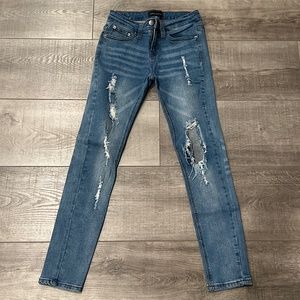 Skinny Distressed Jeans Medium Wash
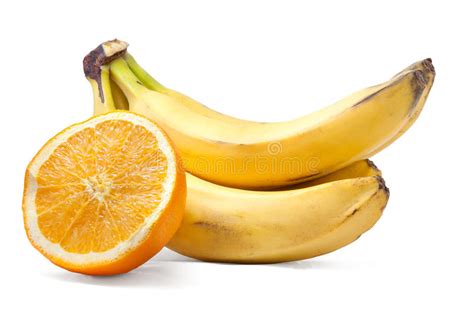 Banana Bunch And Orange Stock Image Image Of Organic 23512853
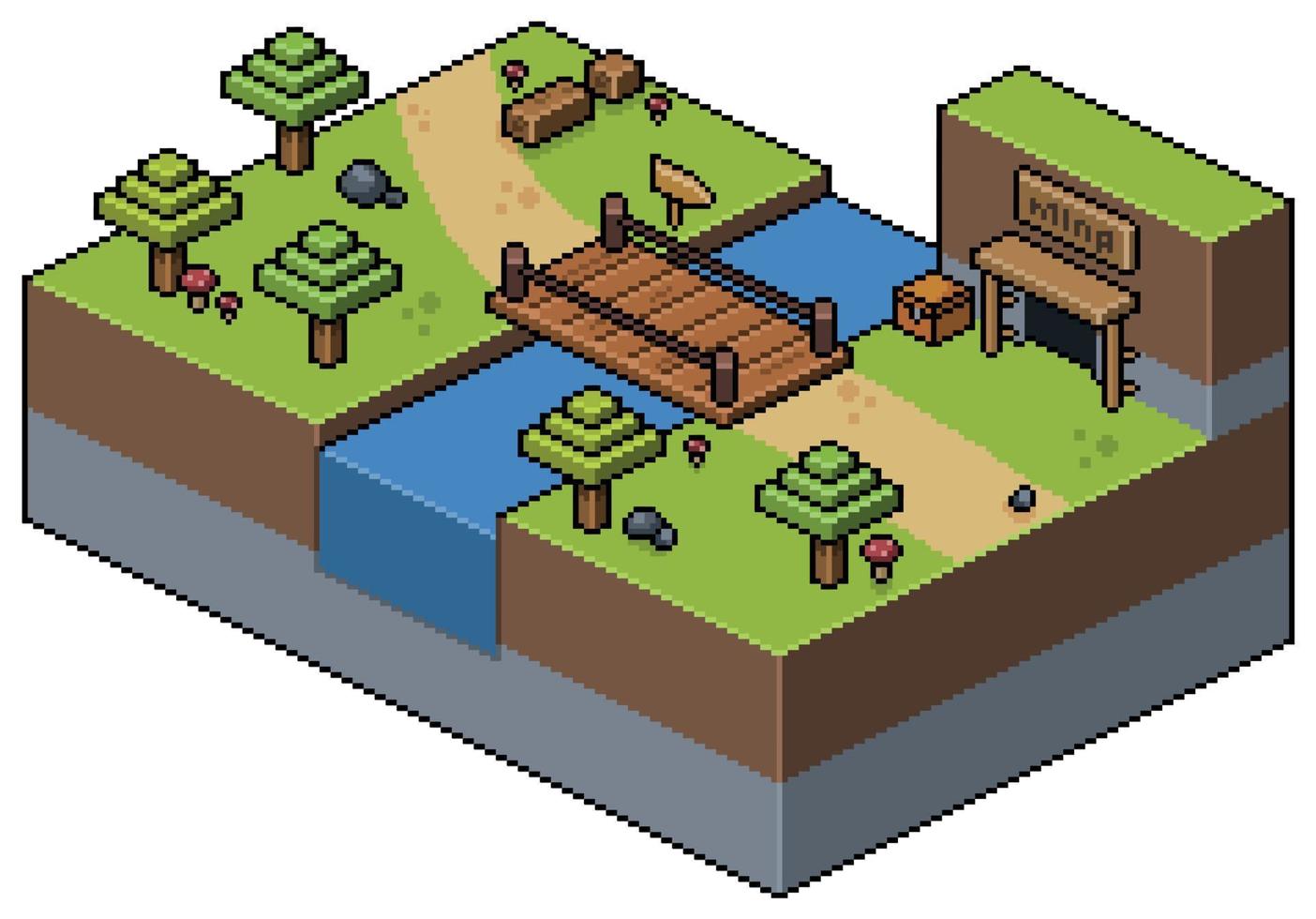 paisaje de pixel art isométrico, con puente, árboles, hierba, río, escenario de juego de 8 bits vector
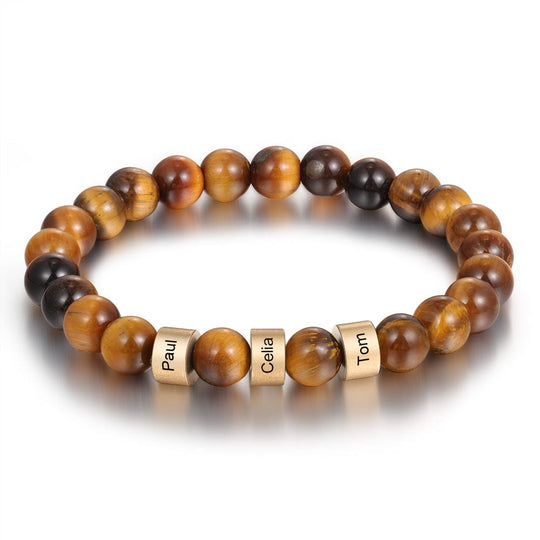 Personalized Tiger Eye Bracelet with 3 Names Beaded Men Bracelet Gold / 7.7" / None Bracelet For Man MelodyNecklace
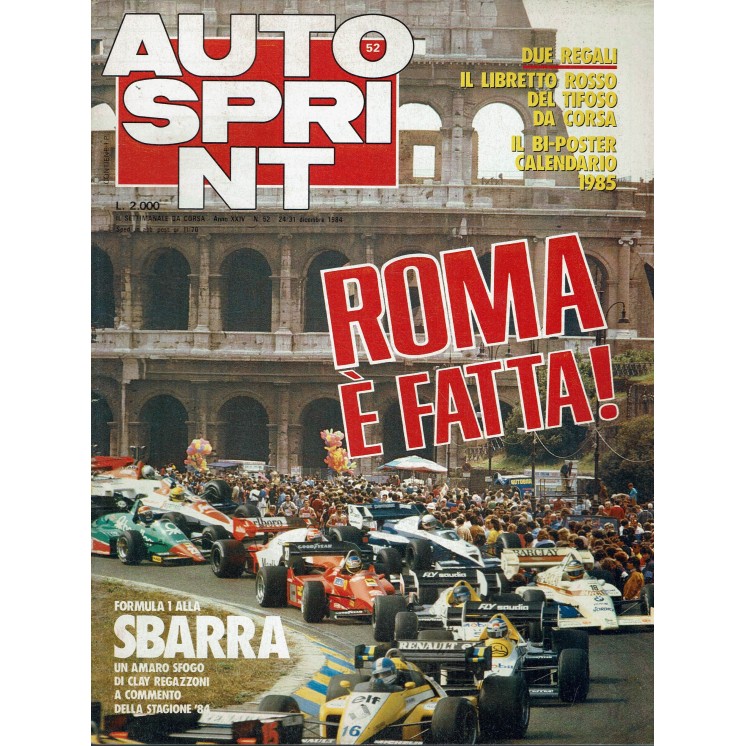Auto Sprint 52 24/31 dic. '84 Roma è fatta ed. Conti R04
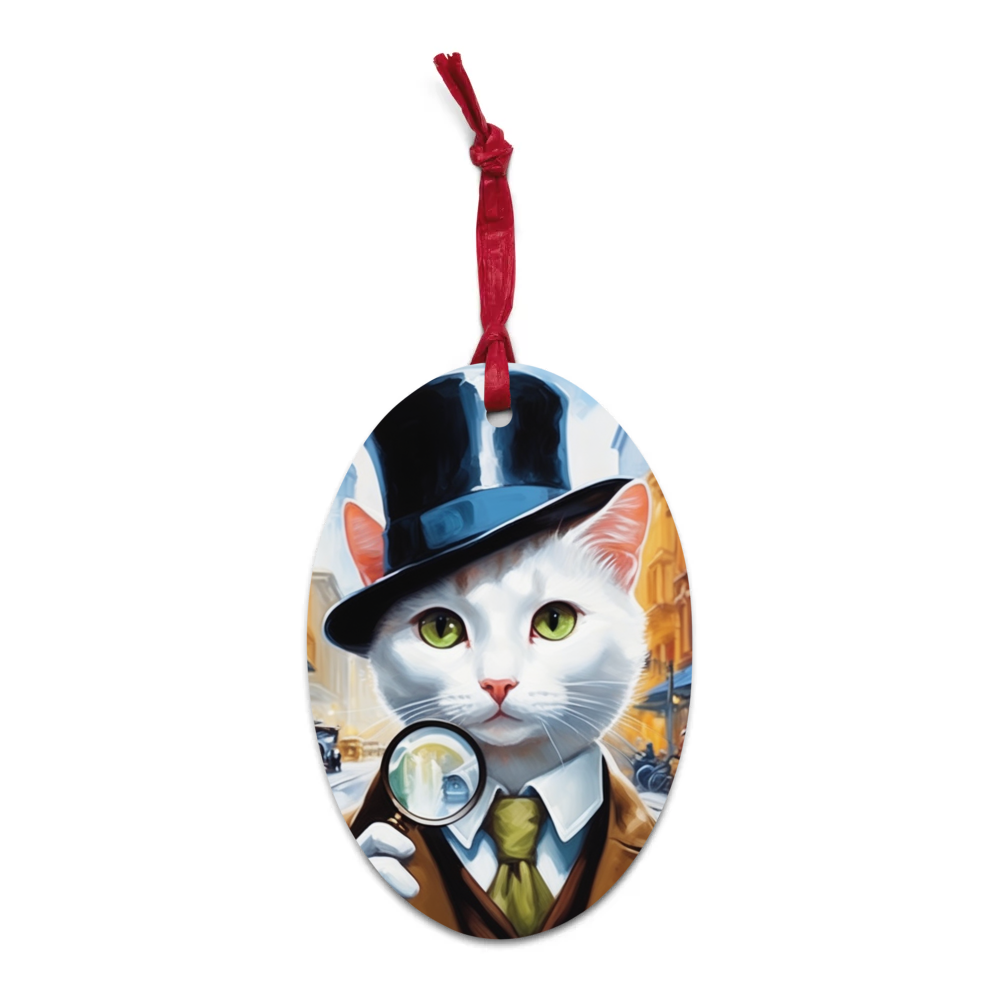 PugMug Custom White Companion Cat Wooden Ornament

• • • • •

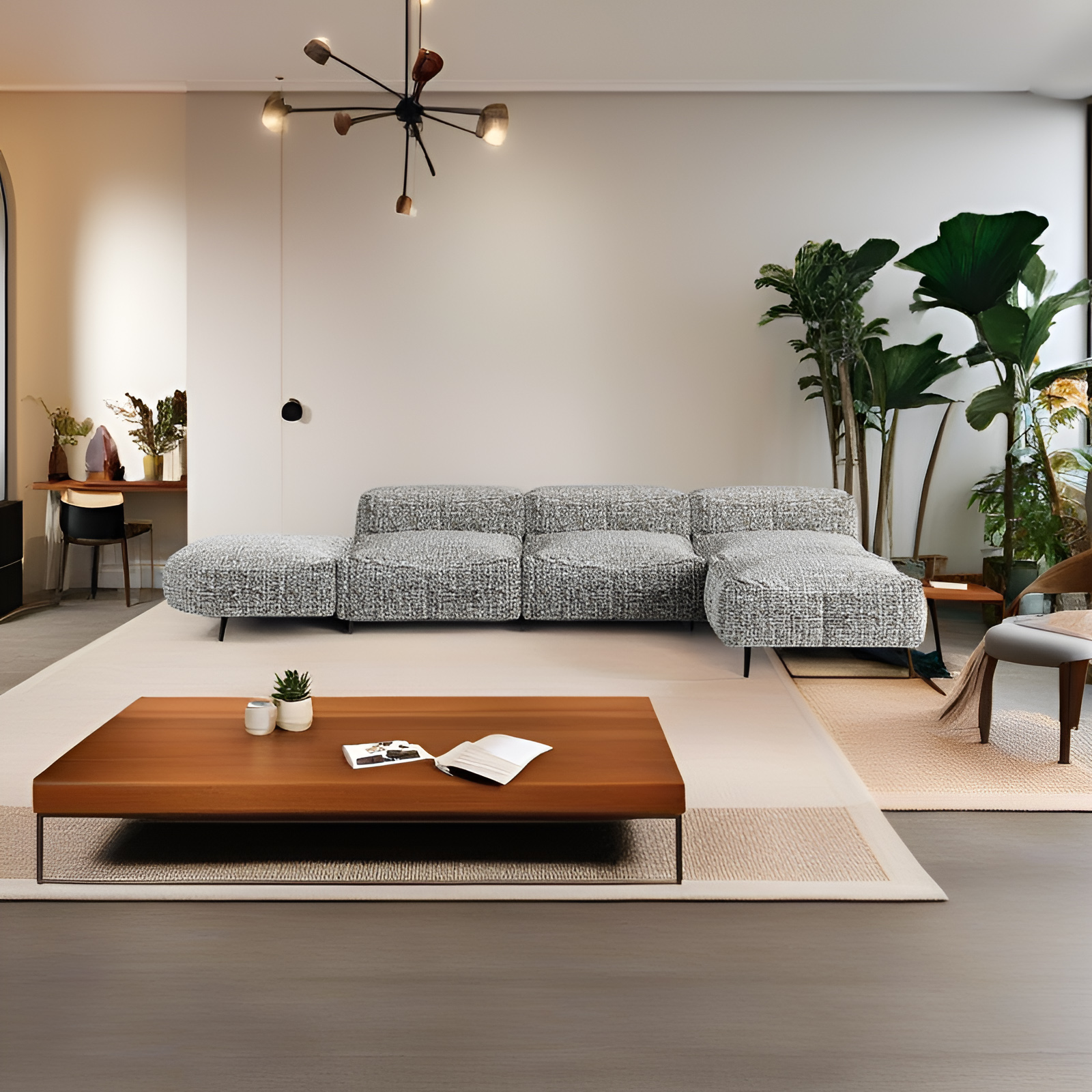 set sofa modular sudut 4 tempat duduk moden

• • • • •

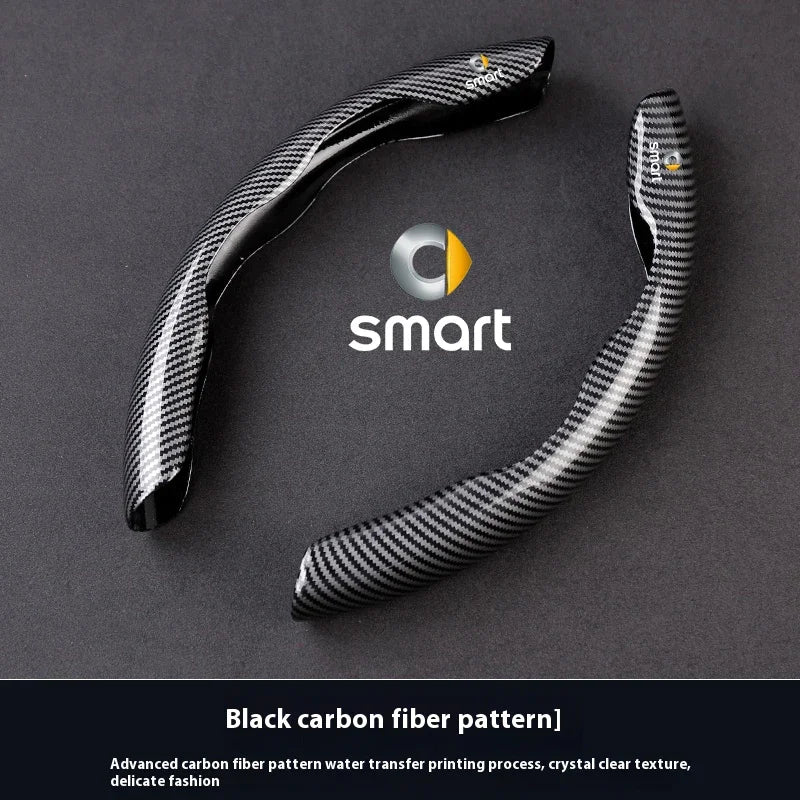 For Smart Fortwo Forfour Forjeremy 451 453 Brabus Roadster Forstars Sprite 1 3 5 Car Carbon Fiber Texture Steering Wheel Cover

• • • • •

Work task:
Above are records with pictures. Reproduce exactly only the lines from the line with "Skinny Distressed Jeans Medium Wash" through the line with "Personalized Tiger Eye", both ends included, and leave the pictures out.

Written answer:
 Skinny Distressed Jeans Medium Wash
 Banana Bunch And Orange Stock Image Image Of Organic 23512853
 paisaje de pixel art isométrico, con puente, árboles, hierba, río, escenario de juego de 8 bits vector
 Personalized Tiger Eye Bracelet with 3 Names Beaded Men Bracelet Gold / 7.7" / None Bracelet For Man MelodyNecklace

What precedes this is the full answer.